Si umiliò bussando alla porta di ogni persona del villaggio che conosceva, ma una dopo l’altra le dissero che non potevano ospitarla per un motivo o per un altro. Avvilita si fermò sotto un grande albero. La stanchezza e il freddo si unirono alla paura di essere assalita da qualche predatore notturno. Raggruppò alcune foglie e si nascose sotto di esse.

Il mattino seguente si svegliò al caldo. Ebbe l’impressione di aver solo sognato, ma una volta aperti gli occhi le scappò un grido, agghiacciante. I suoi capelli erano cresciuti così tanto da crearle una specie di coperta, dalla quale ora faticava a sciogliersi. Provò a divincolarsi, a spostarsi, ma erano troppo fitti e pesanti. Non riusciva a fare un solo passo senza rischiare di essere addirittura soffocata.

Si mise ad urlare e a chiedere perdono, a chiamare l’anziana San affinché venisse ad aiutarla. Quando ormai pensò di non avere più speranza sentì il tanto temuto rumore delle forbici che ora potevano essere la sua salvezza. Non vedeva il volto del suo salvatore, ma in cuor suo non faceva che ringraziarlo e spronarlo a fare in fretta.

Nonostante quelle forbici lavorassero incessantemente le parve che nulla fosse cambiato, anzi, si sentiva venir meno ogni minuto di più. A fatica prima di perdere i sensi riuscì a dire in un lieve sussurro: «Non riesco più a respirare…» la bocca era rimasta aperta, mentre i lunghi capelli la stavano soffocando.

Quando riaprì gli occhi, la vista era offuscata, e solo pian piano si accorse di trovarsi nella sua piccola capanna, mentre il viso familiare della sua tutrice la osservava con un cipiglio per nulla rassicurante.

«Dove sono? Cos’è accaduto?» chiese toccandosi il capo con le mani. Un asciugamano madido lo avvolgeva.

«Non lo togliere o capiterà anche di peggio.» le disse seria San indicando l’uscita «Ora ti mostrerò quello che è accaduto a causa della tua disubbidienza.»

Stella si mise seduta, e a causa di una vertigine, dovette farsi sostenere. Comprese che doveva essere rimasta a lungo incosciente. Timidamente si avvicinò ad una piccola finestrella e vide la terra arida, l’erba secca, solo polvere rossa ovunque, mentre il sole bruciante sembrava aver cotto tutto.

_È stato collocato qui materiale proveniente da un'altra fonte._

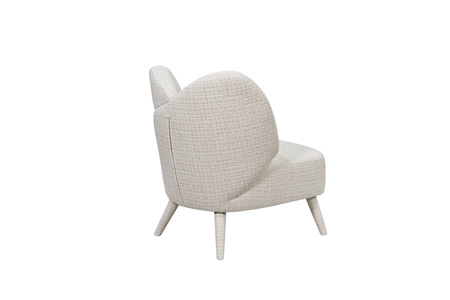 Beżowy fotel wypoczynkowy boucle – styl retro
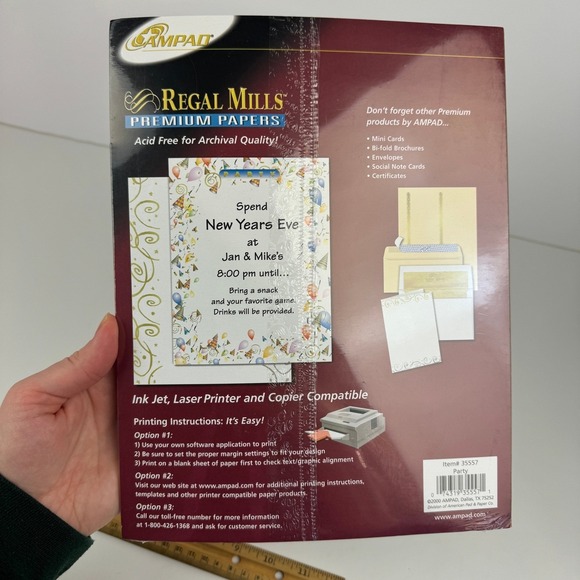 2 Pks Vtg Ampad Party Celebration Special Printer Paper Streamers Hats Open READ - Picture 6 of 7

«Ora dobbiamo attendere la prossima luna piena prima di tagliarli nuovamente e speriamo che la situazione migliori presto.» L’anziana donna le spiegò che i suoi capelli crescevano e calavano con le fasi lunari. Se non li avesse tagliati quando la luna era piena, sarebbe stata in pericolo. «Grazie ai tuoi capelli questa valle desertica è rinata, ma senza di essi è destinata a morire.»

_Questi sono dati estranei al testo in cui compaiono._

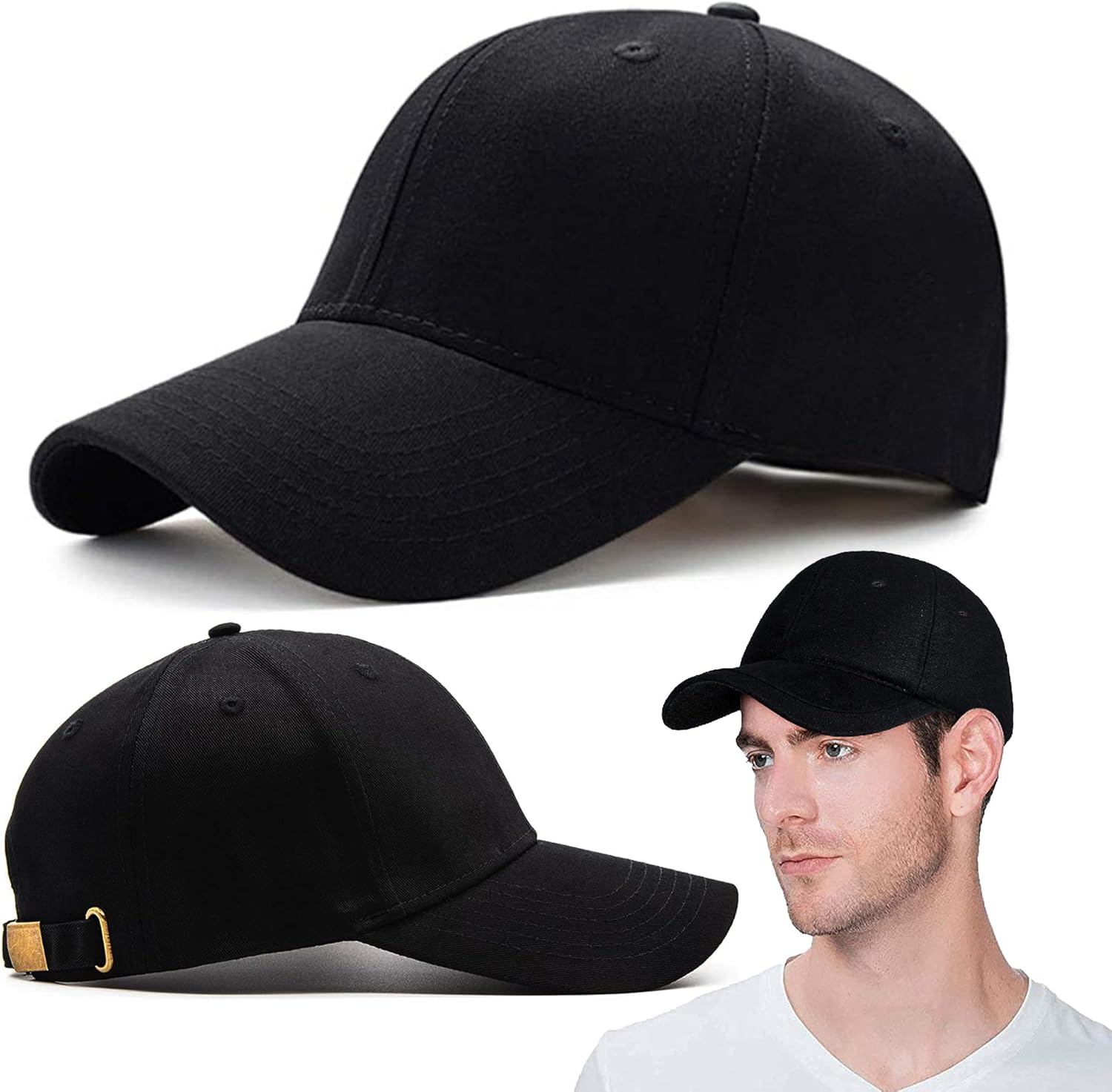 Plain Baseball caps for Mens and Womens with Adjustable Buckle, Baseball caps Men s is Sports Cap for Men's Accessories, Black Cap can use Running, Gym, Fashion, Office and Outdoor Men caps.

«Non posso essere io a fare la differenza. Sono solo una ragazza. Non può dare a me la colpa di tutto

«Esci, guarda con i tuoi occhi. Poi decidi cosa fare.» disse mettendosi a trafficare come se niente fosse tra ciotole e tegami, mentre il suo viso imperturbabile era diventato duro quanto la realtà che stava vivendo.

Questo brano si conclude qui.